From the Registry of Ophthalmic Pathology, Armed Forces Institute of Pathology, Washington, DC (Drs McLean and Zimmerman), and the Bascom Palmer Eye Institute, University of Miami School of Medicine (Dr Barr).

Arch Ophthalmol. 1981;99(12):2133-2136. doi:10.1001/archopht.1981.03930021009003

• Five-year survival data were available in 78 cases originally classified as uveal melanomas in patients less than 20 years old. Forty-two were malignant melanomas arising from the choroid and/or ciliary body; 13 patients from this group died of metastatic disease.
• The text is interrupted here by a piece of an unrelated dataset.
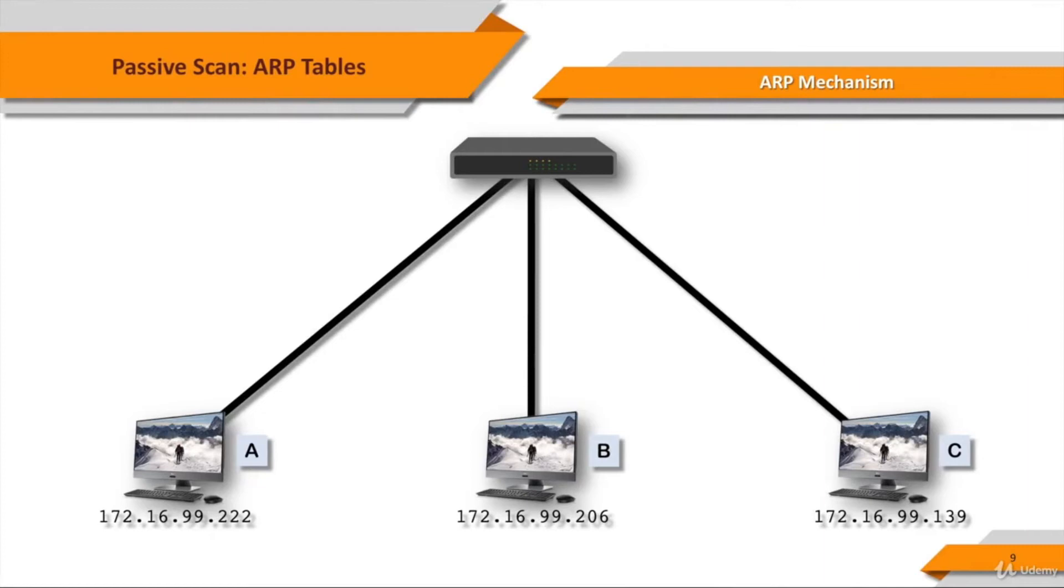Before talking about using ARP tables for passive scanning, let's talk a little bit about ARP protocol and mechanism first. Address resolution protocol, ARP,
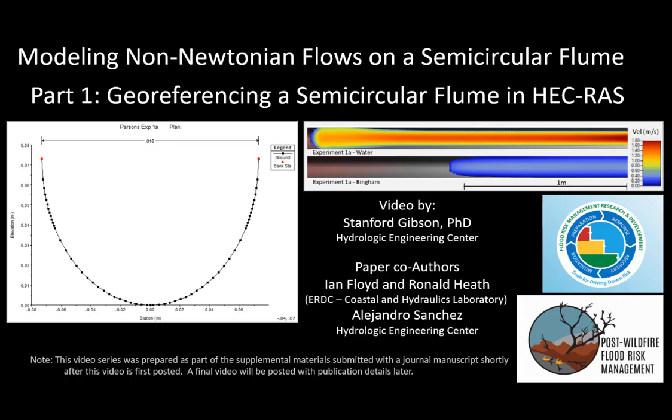Hello, my name is Stanford Gibson. I am the sediment transport specialist on the HEC-RAS team, and this video is going to show you how to make a terrain of a semicircular flume or a half pipe. This video will start by just creating a one-dimensional geo-referenced flume that the next video will actually convert to the terrain.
Factors that significantly correlated with fatality were a red, painful eye, extraocular extension at enucleation, basal tumor diameter greater than 10 mm, increased mitotic activity, and tumor necrosis. There were 36 iridic tumors; nine were reclassified as nevi. Of the 27 patients with iridic melanomas, only four died of metastases. The predominant factors relating to fatal outcome were glaucoma, extension of tumor into the ciliary body, diffuse growth, deep angle invasion, scleral invasion by tumor cells, and increased mitotic activity. Except for their relative rarity, uveal melanomas in children and adolescents did not differ significantly from their counterparts in adults.